Work instruction -> The lines below, from the one holding "婦手指常感到麻木　就醫檢查發現竟是「腕隧道症候群」惹禍！" through the one holding "A French circular", are to be restated word for word, with all images left out.

Record extracts ->
------

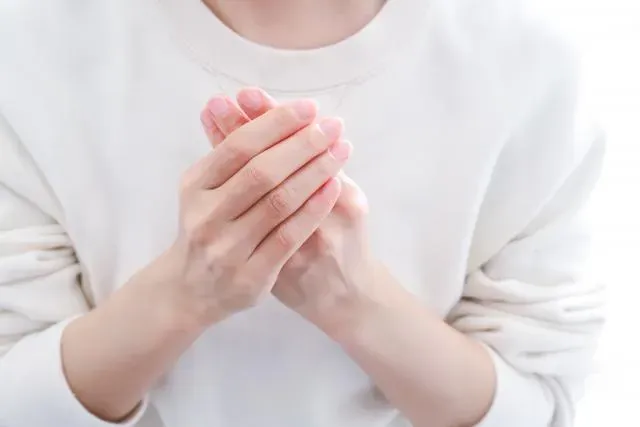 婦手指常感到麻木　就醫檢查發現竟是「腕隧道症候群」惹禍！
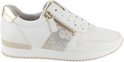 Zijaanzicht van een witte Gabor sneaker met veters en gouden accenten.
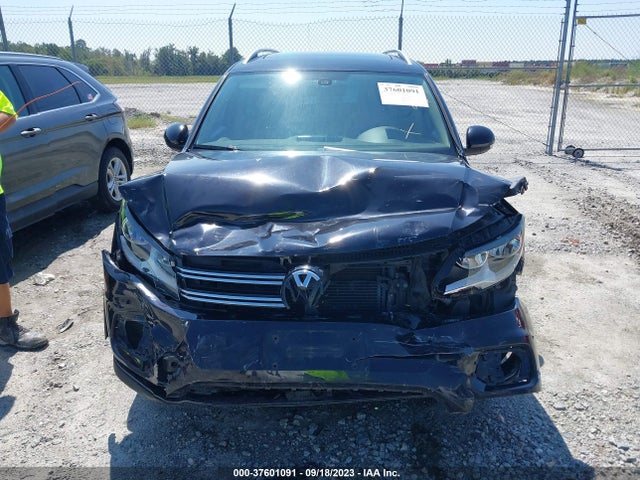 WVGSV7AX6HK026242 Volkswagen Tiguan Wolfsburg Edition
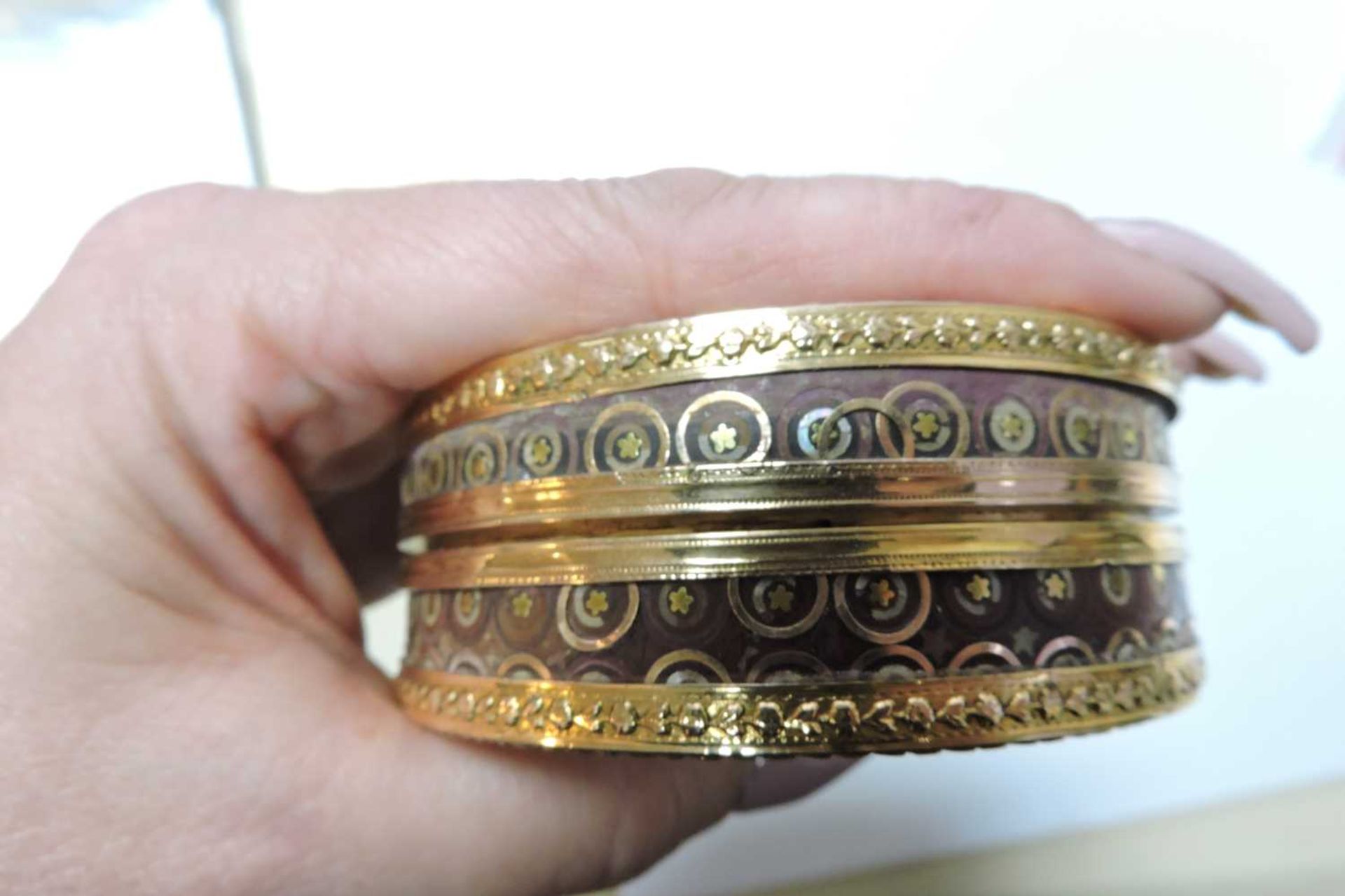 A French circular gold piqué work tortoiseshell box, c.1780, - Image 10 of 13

------

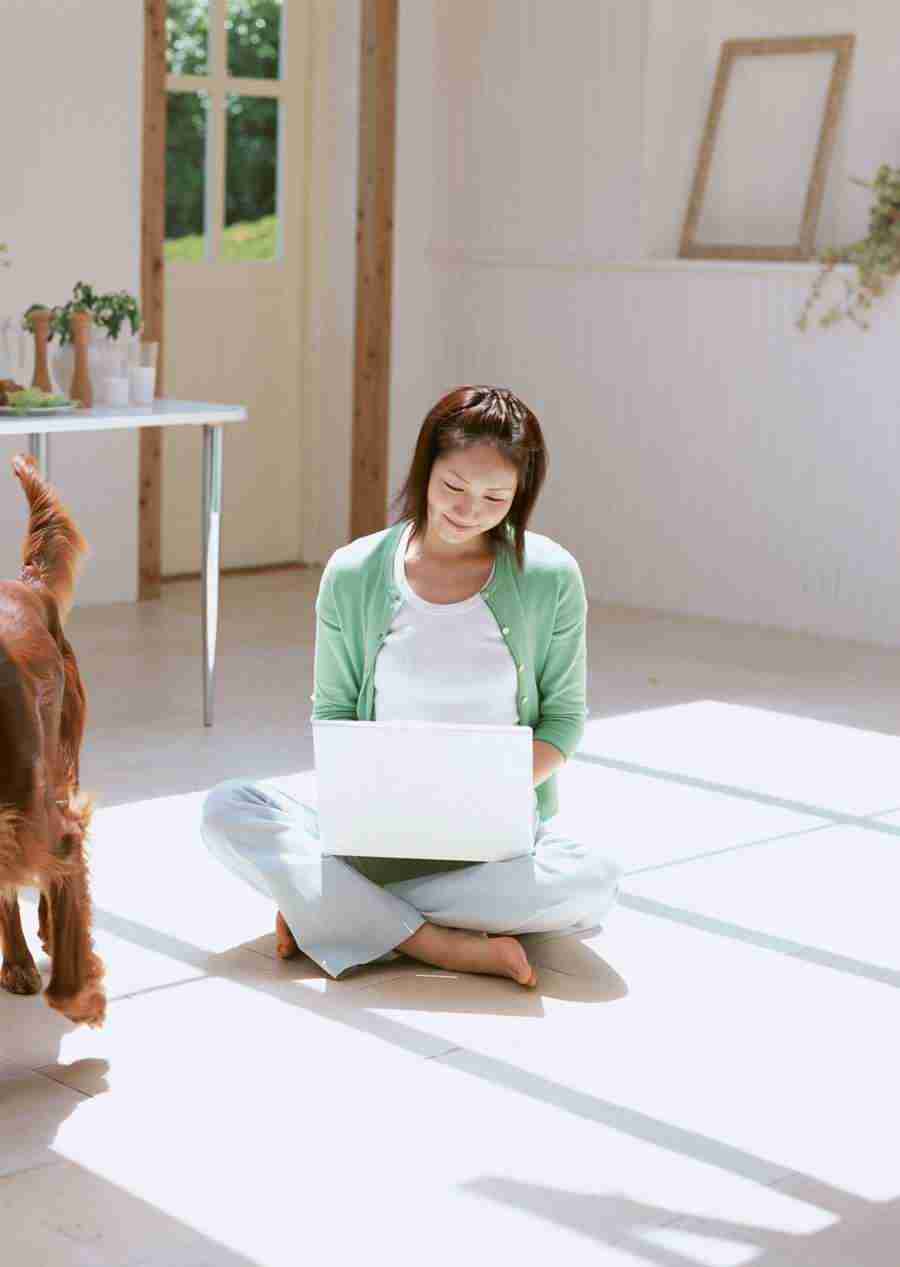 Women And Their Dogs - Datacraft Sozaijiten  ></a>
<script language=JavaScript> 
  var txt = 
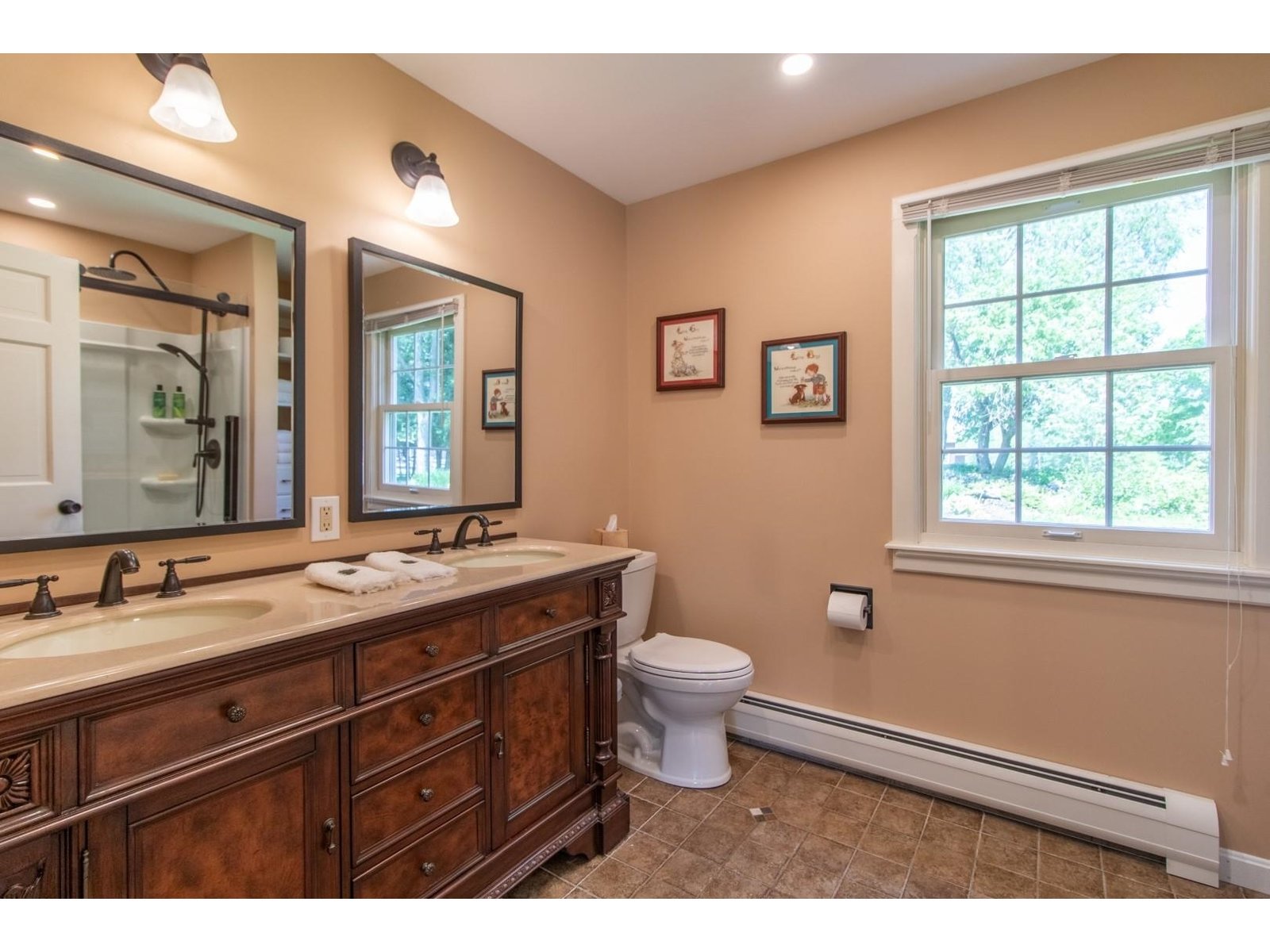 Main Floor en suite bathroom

------

Response below ->
 婦手指常感到麻木　就醫檢查發現竟是「腕隧道症候群」惹禍！
 Zijaanzicht van een witte Gabor sneaker met veters en gouden accenten.
 WVGSV7AX6HK026242 Volkswagen Tiguan Wolfsburg Edition
 A French circular gold piqué work tortoiseshell box, c.1780, - Image 10 of 13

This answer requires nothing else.